In a blinded, randomized trial comparing the Mynx with the Angio-Seal Evolution, pain with device deployment at arteriotomy closure was significantly lower with the Mynx. The reason for the large pain gradient between groups is likely due to the presence, and absence, of compression elements within the Angio-Seal and Mynx, respectively. No adverse events were seen in either group.

Key messages

  • Vascular closure devices (VCDs) utilizing extravascular synthetic sealant may reduce the pain associated with arteriotomy closure compared with those VCDs using suture.

  • Pain with closure of different VCDs has not previously been evaluated as a primary end point.

  • Patients undergoing closure with the Mynx M5 (extravascular sealant VCD) reported less pain during closure than those treated with Angio-Seal Evolution (suture VCD), with no adverse events detected in either group.

  • The Mynx M5 is an effective VCD that reduces pain associated with arteriotomy closure.

References

Footnotes

  • Disclosures All authors (Fargen, Hoh, Mocco) participated in manuscript composition, data collection/analysis, clinical care and/or critical review of the manuscript. All ethical guidelines have been adhered to in the composition of this work. It is not under consideration for publication in any other journal. The University of Florida receives an educational grant and consulting fees from Codman Neurovascular. Dr Mocco serves on the Clinical Events Committee Adjudication Board for the Conscious-2 and Conscious-3 International Studies (Actelion, Inc). He is a consultant for Nfocus and Lazarus Effect and receives honoraria from Edge Therapeutics. Dr Hoh receives honoraria from Codman Neurovascular and Actelion Inc. as well as non-financial research support from Micrus Endovascular. This study was funded in part by a scientific research grant from Access Closure, Inc., however, this was an independently run physician-initiated study, and Access Closure, Inc. had no input into data collection, analysis or presentation.
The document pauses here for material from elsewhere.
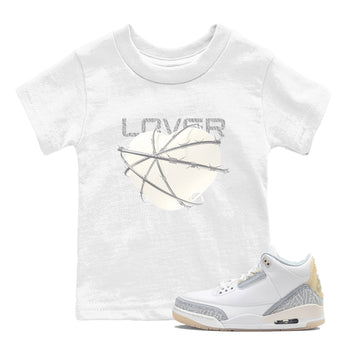 3s Ivory shirt to match jordans Heart Lover sneaker tees Air Jordan 3 Ivory SNRT sneaker release tees baby toddler White 1 cotton Shirt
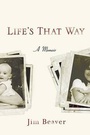Cover: Life's That Way - Amy Einhorn Books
  • Funding This study was funded in part by a scientific research grant from Access Closure, Inc., however, this was an independently run physician-initiated study, and Access Closure, Inc. had no input into data collection, analysis or presentation.

  • Competing interests None.

  • Ethics approval This study was conducted with the approval of the University of Florida Institutional Review Board, as stated in the article.

  • Provenance and peer review Not commissioned; externally peer reviewed.